Exercise 1.6: Importance and Focus
Exercise 1.6 is specifically designed to enhance students' understanding and application of set operations such as union, intersection, and difference. Although this exercise has been removed from the revised syllabus, practicing these problems is still valuable for building a strong foundation in set theory, which is a critical component of many competitive exams.
Importance in Exams
The concept of sets is not only fundamental to the understanding of mathematics but also plays a significant role in various competitive exams like JEE, NEET, and other entrance tests.
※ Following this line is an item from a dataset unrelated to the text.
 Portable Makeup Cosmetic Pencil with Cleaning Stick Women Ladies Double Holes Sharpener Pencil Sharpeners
Mastering this chapter helps students tackle more complex problems in algebra, calculus, and beyond, making it a vital part of their mathematical education.
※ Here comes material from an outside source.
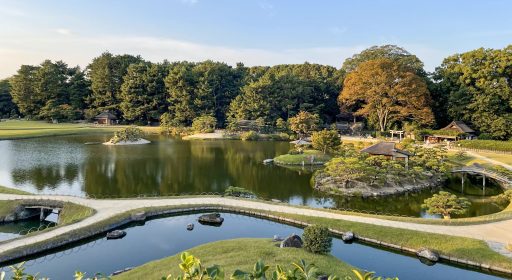 Japanese garden: zen man and nature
Question 1. If X and Y are two sets such that n(X) = 17, n(Y) = 23, and n(X ∪ Y) = 38, find n(X ∩ Y).
Solution:
n (X) = 17
n (Y) = 23
n (X U Y) = 38
So we will write this as :
n (X U Y) = n (X) + n (Y) – n (X ∩ Y)
Putting values,
38 = 17 + 23 – n (X ∩ Y)
So,
n (X ∩ Y) = 40 – 38 = 2
∴ n (X ∩ Y) = 2
Question 2. If X and Y are two sets such that X ∪ Y has 18 elements, X has 8 elements and Y has 15 elements; how many elements does X ∩ Y have?
Solution:
n (X U Y) = 18
n (X) = 8
n (Y) = 15
So we will write this as :
n (X U Y) = n (X) + n (Y) – n (X ∩ Y)
Putting values,
18 = 8 + 15 – n (X ∩ Y)
So,
n (X ∩ Y) = 23 – 18 = 5
∴ n (X ∩ Y) = 5
Question 3. In a group of 400 people, 250 can speak Hindi and 200 can speak English. How many people can speak both Hindi and English?
Solution:
Let 'A' is the set of people who speak Hindi & 'B' is the set of people who speak English
Given,
n(A ∪ B) = 400
n(A) = 250
n(B) = 200
So we will write this as :
n(A ∪ B) = n(A) + n(B) – n(A ∩ B)
Putting values,
400 = 250 + 200 – n(A ∩ B)
400 = 450 – n(A ∩ B)
So,
n(A ∩ B) = 450 – 400
n(A ∩ B) = 50
∴ 50 people can speak both Hindi & English.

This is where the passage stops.